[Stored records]
[Start of Attachment]

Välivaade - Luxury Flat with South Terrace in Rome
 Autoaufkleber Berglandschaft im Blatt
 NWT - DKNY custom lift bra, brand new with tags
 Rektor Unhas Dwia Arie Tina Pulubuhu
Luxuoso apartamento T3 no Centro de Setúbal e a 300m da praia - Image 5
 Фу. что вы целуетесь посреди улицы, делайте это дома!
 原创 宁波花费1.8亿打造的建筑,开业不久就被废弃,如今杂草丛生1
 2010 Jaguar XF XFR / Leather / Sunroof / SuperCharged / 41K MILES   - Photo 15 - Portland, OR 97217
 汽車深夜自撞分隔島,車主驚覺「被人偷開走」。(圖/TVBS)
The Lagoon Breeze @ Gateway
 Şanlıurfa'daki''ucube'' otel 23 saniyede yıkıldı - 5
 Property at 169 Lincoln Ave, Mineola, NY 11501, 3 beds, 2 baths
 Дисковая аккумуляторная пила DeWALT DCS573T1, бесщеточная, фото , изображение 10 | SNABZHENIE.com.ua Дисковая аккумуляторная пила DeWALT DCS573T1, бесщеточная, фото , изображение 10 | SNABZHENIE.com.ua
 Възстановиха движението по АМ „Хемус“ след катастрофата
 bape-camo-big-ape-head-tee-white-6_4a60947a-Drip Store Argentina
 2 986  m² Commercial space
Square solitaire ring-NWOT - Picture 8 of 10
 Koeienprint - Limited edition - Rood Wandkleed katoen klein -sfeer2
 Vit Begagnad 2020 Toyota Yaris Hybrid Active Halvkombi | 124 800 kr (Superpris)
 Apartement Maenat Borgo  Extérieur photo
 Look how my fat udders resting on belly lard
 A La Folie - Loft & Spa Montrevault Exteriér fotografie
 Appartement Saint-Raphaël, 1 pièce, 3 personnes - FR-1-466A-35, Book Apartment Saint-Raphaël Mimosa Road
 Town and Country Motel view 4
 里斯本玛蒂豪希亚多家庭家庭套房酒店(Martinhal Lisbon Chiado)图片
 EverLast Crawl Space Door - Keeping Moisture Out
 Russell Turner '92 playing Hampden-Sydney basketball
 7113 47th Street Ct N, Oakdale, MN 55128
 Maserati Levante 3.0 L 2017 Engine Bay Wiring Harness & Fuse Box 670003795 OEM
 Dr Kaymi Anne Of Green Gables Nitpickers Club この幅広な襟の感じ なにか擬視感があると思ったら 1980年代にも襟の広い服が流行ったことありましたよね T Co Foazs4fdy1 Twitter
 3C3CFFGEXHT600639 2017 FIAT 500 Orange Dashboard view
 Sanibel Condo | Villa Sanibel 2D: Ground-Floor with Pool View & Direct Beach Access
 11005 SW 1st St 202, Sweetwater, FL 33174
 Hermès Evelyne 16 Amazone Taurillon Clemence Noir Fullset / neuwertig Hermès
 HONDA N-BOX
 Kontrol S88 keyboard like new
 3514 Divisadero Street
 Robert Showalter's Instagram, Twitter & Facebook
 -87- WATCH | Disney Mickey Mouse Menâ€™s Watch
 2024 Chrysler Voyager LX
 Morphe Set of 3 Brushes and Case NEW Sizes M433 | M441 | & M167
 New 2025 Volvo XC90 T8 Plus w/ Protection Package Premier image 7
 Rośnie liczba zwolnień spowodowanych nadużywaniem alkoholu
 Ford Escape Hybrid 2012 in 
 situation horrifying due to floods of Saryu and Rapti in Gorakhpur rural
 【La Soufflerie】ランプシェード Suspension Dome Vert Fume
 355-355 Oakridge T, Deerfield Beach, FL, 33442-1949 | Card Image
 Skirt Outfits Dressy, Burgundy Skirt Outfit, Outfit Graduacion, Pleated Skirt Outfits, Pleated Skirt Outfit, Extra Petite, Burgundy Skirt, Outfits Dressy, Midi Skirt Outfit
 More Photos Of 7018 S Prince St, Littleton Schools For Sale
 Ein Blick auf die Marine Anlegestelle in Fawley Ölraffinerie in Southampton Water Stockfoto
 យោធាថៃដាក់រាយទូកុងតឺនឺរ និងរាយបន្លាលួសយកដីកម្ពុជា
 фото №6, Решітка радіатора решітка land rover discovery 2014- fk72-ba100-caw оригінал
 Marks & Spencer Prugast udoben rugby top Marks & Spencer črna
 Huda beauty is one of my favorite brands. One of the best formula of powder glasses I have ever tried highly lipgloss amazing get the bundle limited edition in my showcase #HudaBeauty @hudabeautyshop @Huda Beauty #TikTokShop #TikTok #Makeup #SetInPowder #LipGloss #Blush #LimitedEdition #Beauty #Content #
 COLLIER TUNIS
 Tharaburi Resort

[End of Attachment]

Your task: Return exactly the lines above from the line that has "Dr Kaymi Anne" through the line that has "11005 SW 1st St 202, Sweetwater, FL 33174", inclusive, and nothing else.

Solution to this exercise:
 Dr Kaymi Anne Of Green Gables Nitpickers Club この幅広な襟の感じ なにか擬視感があると思ったら 1980年代にも襟の広い服が流行ったことありましたよね T Co Foazs4fdy1 Twitter
 3C3CFFGEXHT600639 2017 FIAT 500 Orange Dashboard view
 Sanibel Condo | Villa Sanibel 2D: Ground-Floor with Pool View & Direct Beach Access
 11005 SW 1st St 202, Sweetwater, FL 33174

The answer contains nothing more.